On the modified $J$-equation

TL;DR

This paper investigates the modified J-equation on compact Kähler manifolds, establishing a link between solvability and functional coercivity, and proposes a Nakai-Moishezon criterion for existence, verified in toric cases, with implications for extremal Kähler metrics.

Contribution

It introduces a Nakai-Moishezon type criterion for the modified J-equation and verifies it in specific cases, extending previous work and suggesting a new algebro-geometric perspective.

Findings

Solvability of the modified J-equation is equivalent to the coercivity of the modified J-functional.

A Nakai-Moishezon type criterion for existence is formulated and verified in toric cases.

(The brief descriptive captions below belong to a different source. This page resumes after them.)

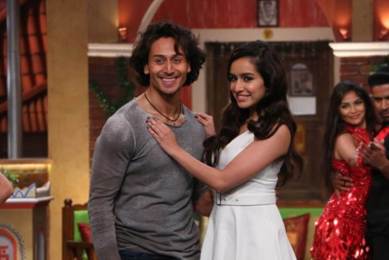 Tiger Shroff, Baaghi, Tiger Shroff Baaghi, Tiger Shroff Martial Arts, Tiger Shroff in Baaghi, Tiger Shroff comedy Nights Live, Tiger Shroff Baaghi Movie, Entertainment news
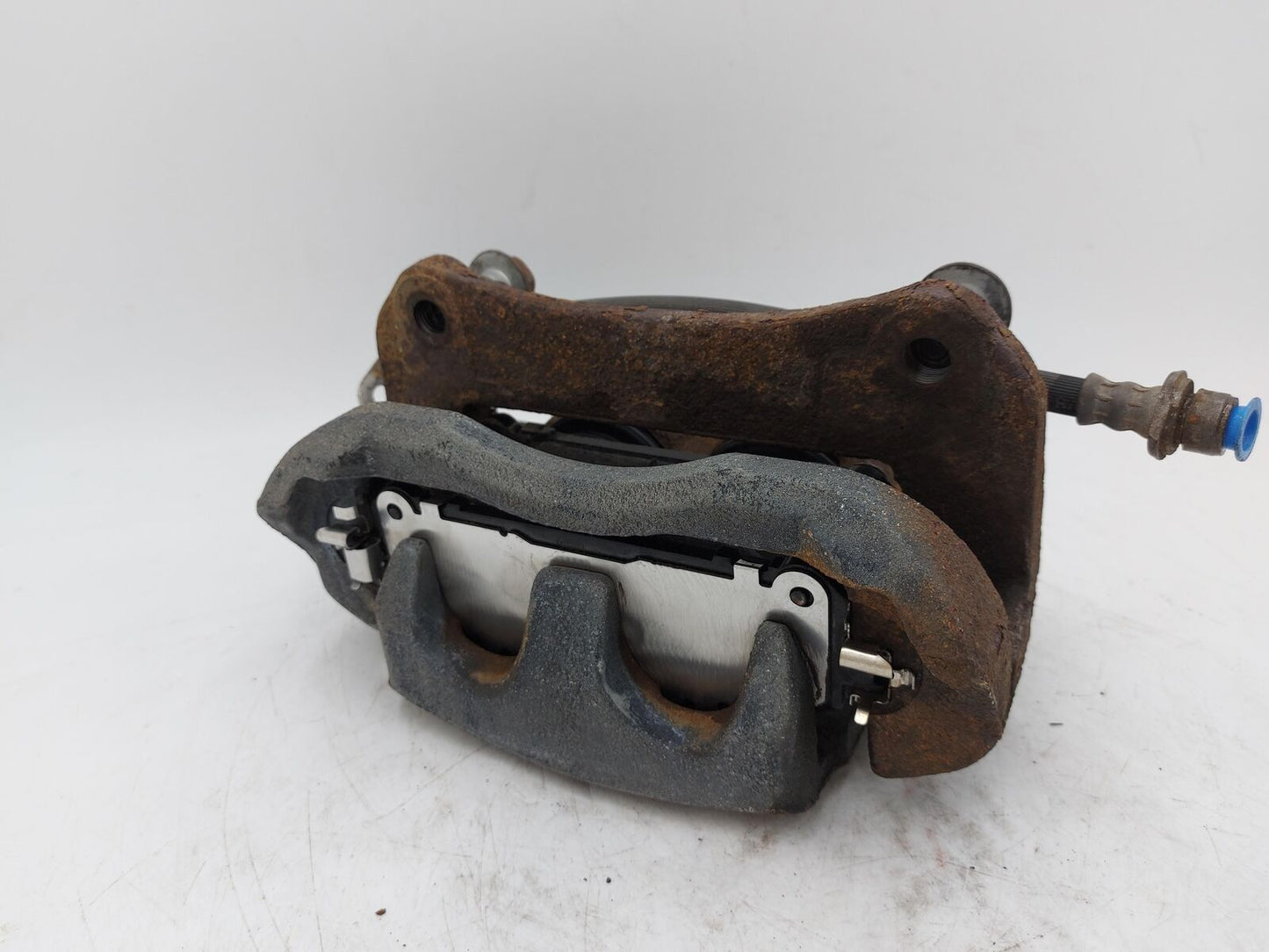 16-22 LEXUS RX450 HYBRID FRONT LEFT BRAKE CALIPER 477500E060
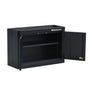 Armoires de stockage de garage Montezuma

Potential for a numerical criterion for extremal Kähler metrics under the conjectural framework.

Abstract

In this paper, we study the modified $J$-equation introduced by Li-Shi. We first show that, on compact K\"ahler manifolds, the solvability of the modified $J$-equation is equivalent to the coercivity of the modified $J$-functional. Motivated by this characterization, we formulate a Nakai-Moishezon type criterion for the existence of solutions to the modified $J$-equation on general compact K\"ahler manifolds. We then verify this conjectural criterion in the case of smooth projective toric varieties. This extends the work of Collins-Sz\'ekelyhidi and provides further evidence for the expected algebro-geometric nature of the modified $J$-equation. As a potential application, we combine our results with Delcroix-Jubert. Assuming our conjectural Nakai-Moishezon type criterion holds in general, we obtain a numerical sufficient condition for the existence of extremal K\"ahler metrics on arbitrary compact K\"ahler manifolds.